-- Information shown follows --

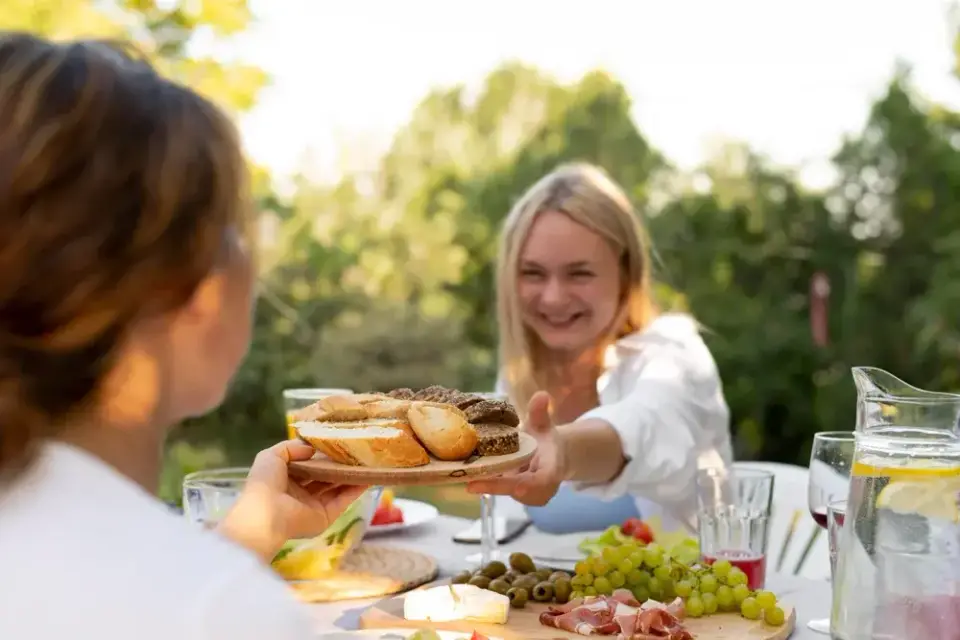 Guest serving herself from a Saffron catering spread at an outdoor lunch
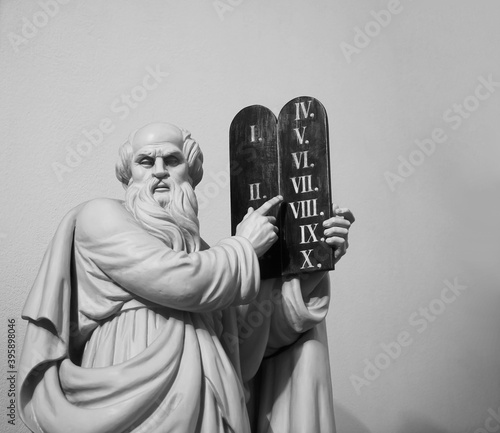 jewish Jehovah Statue of God with a book in their hands against on a white background. Biblical Ten Commandments inscribed on stone tablets photo
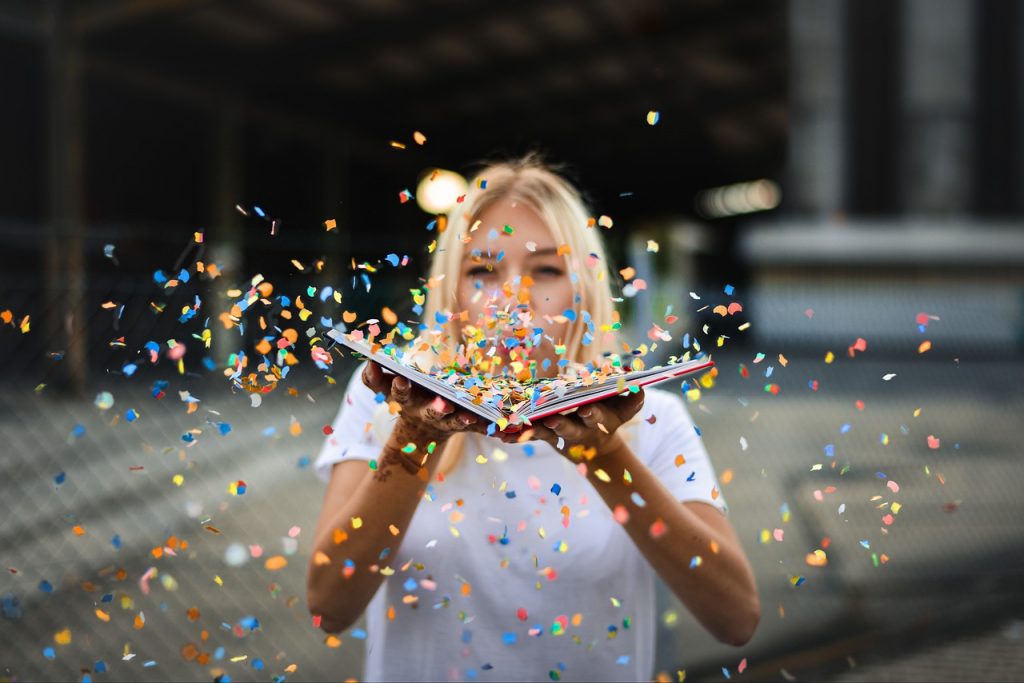 Woman blowing glitter. Reaching Your Goals With Easy Strategies - Claire Gillies Blogger Author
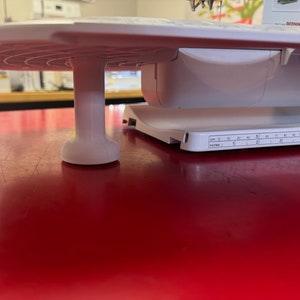 May include: White sewing machine with a white extension table and a white foot pedal. The table has a ruler with markings in inches and centimeters.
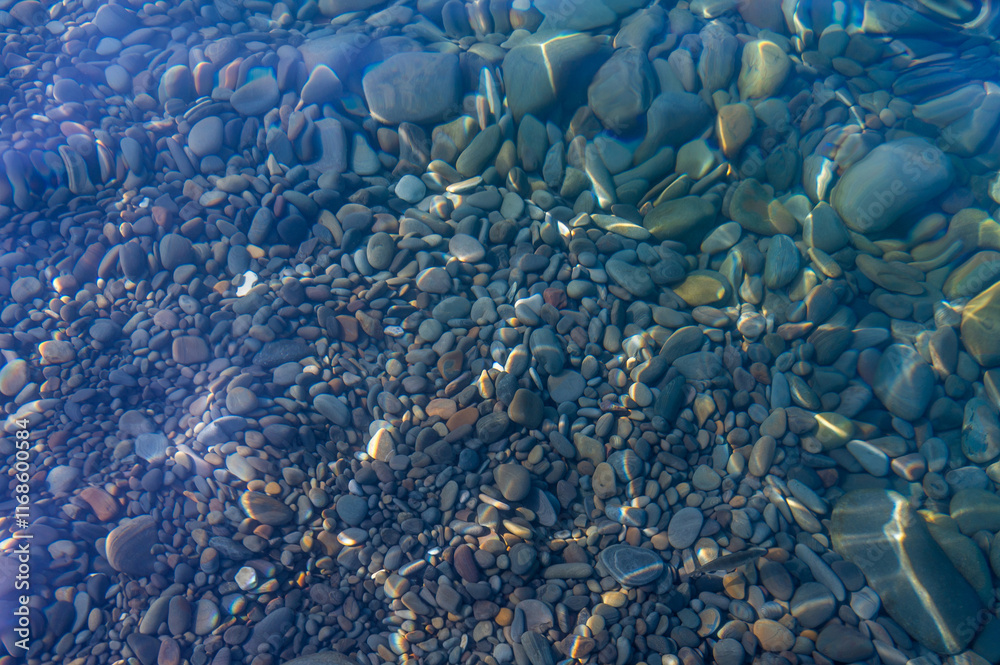 Underwater pebble backgrounds. Colorful stones sea bottom in the sun rays. View from above through clear water. Seascape wallpaper texture. Defocus.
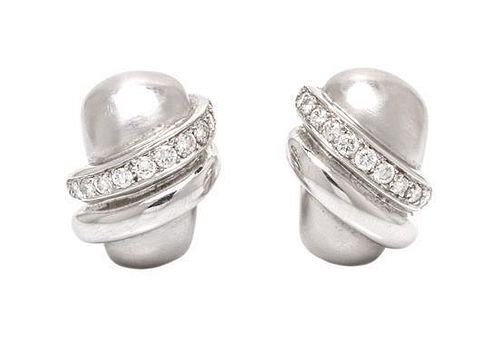 A Pair of 18 Karat White Gold and Diamond Ear Clips, 14.10 dwts.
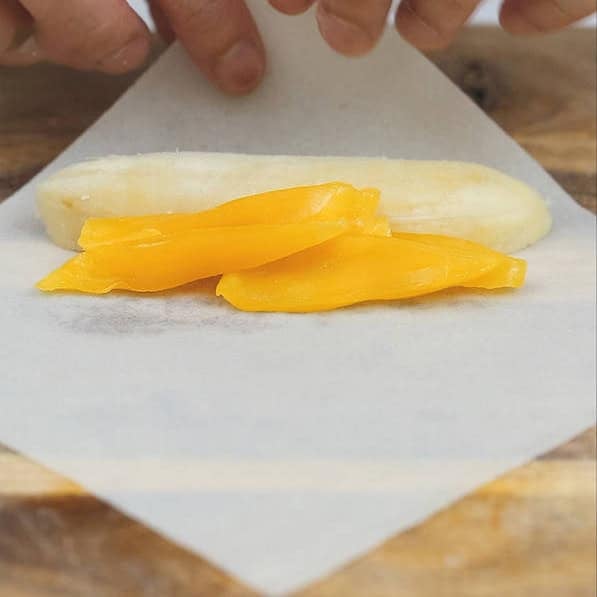 Banana slice and jackfruit strips on a spring roll wrapper. Folding the sides of a spring roll wrapper.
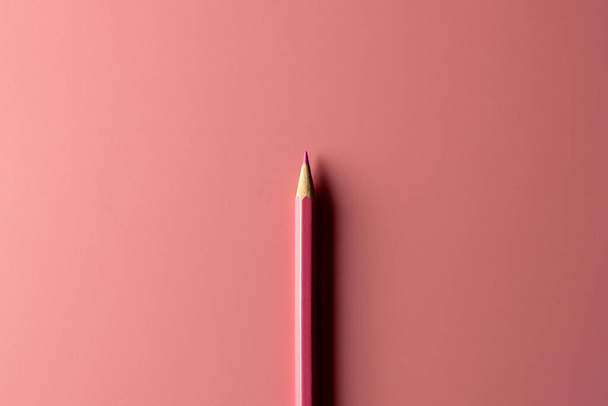 pink crayon pencil on pink paper background. - Business concept - Fotoğraf, Görsel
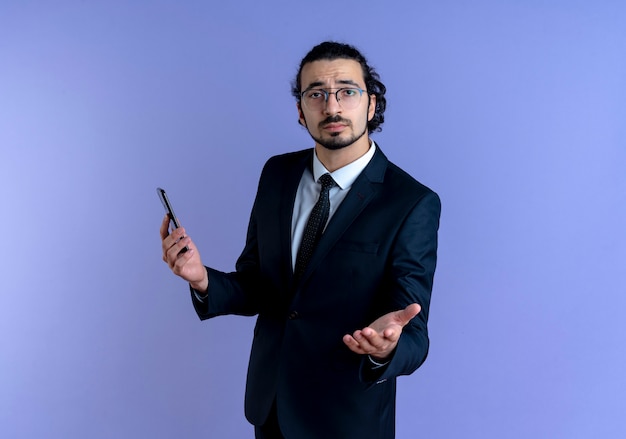 Business man in black suit and glasses holding smartphone looking to the front with arm out as asking standing over blue wall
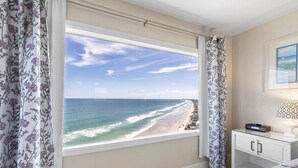 Ein Schlafzimmer mit großem Fenster und Blick auf einen Strand, einem Nachttisch mit Lampe und einem Bett mit floralem Bettzeug.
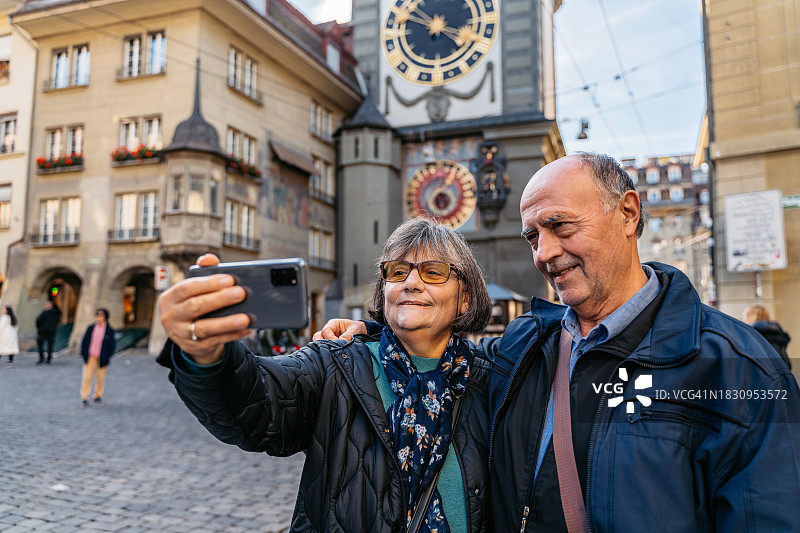 老年游客夫妇在伯尔尼 Zeitglockenturm 钟楼前自拍图片素材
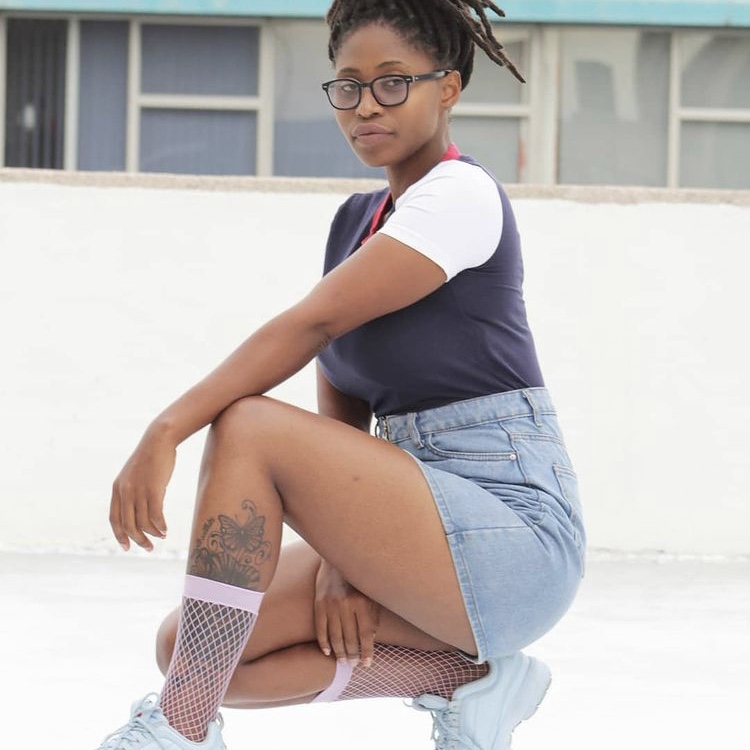 photo of person in jean skirt with socks
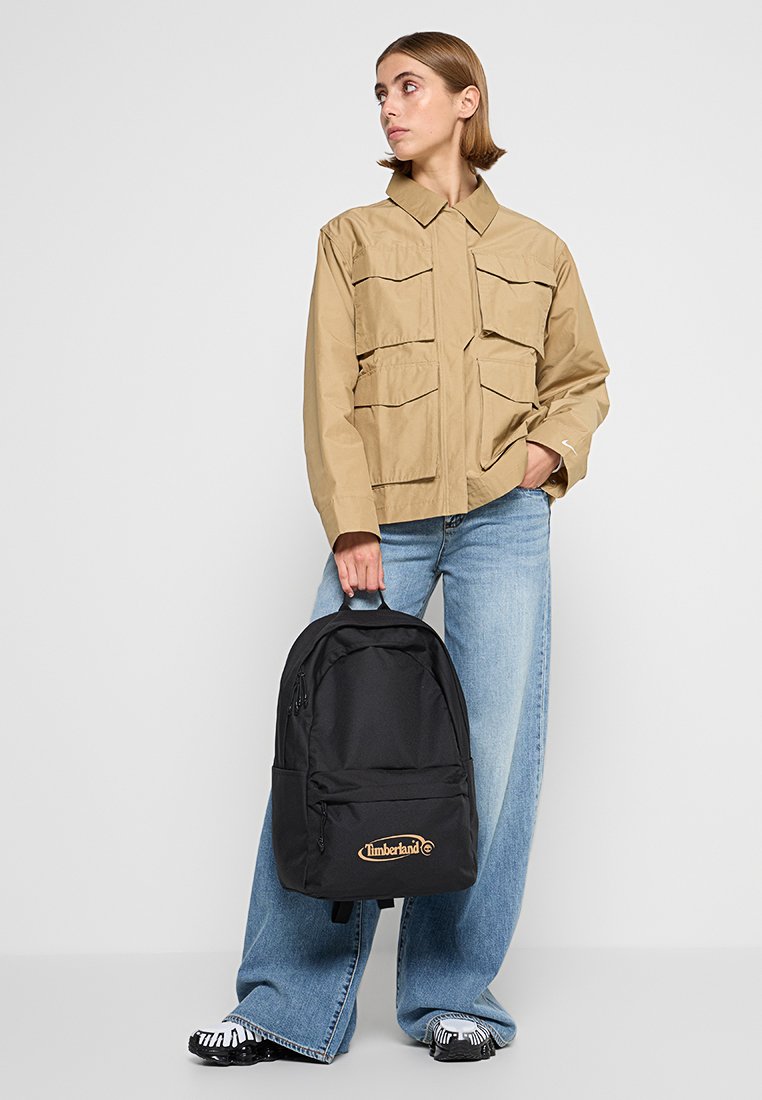 Czarny plecak z zamykanymi komorami i logo Timberland, noszony z beżową kurtką roboczą z wieloma przednimi kieszeniami oraz szerokimi dżinsami.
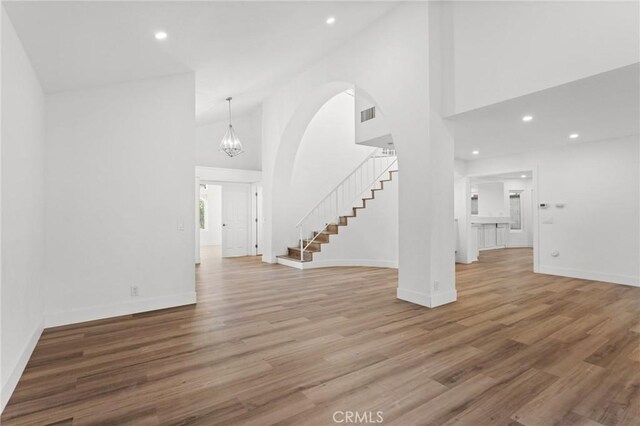 16 Encina, Irvine, CA 92620 - unfurnished living room with light wood finished floors, high vaulted ceiling, baseboards, and stairs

-- Information shown concluded --

■ Task brief
Output exactly the lines above, from the line with "jewish Jehovah Statue" to the line with "pink crayon pencil", both included; skip the pictures.

■ Written response
 jewish Jehovah Statue of God with a book in their hands against on a white background. Biblical Ten Commandments inscribed on stone tablets photo
 Woman blowing glitter. Reaching Your Goals With Easy Strategies - Claire Gillies Blogger Author
 May include: White sewing machine with a white extension table and a white foot pedal. The table has a ruler with markings in inches and centimeters.
 Underwater pebble backgrounds. Colorful stones sea bottom in the sun rays. View from above through clear water. Seascape wallpaper texture. Defocus.
 A Pair of 18 Karat White Gold and Diamond Ear Clips, 14.10 dwts.
 Banana slice and jackfruit strips on a spring roll wrapper. Folding the sides of a spring roll wrapper.
 pink crayon pencil on pink paper background. - Business concept - Fotoğraf, Görsel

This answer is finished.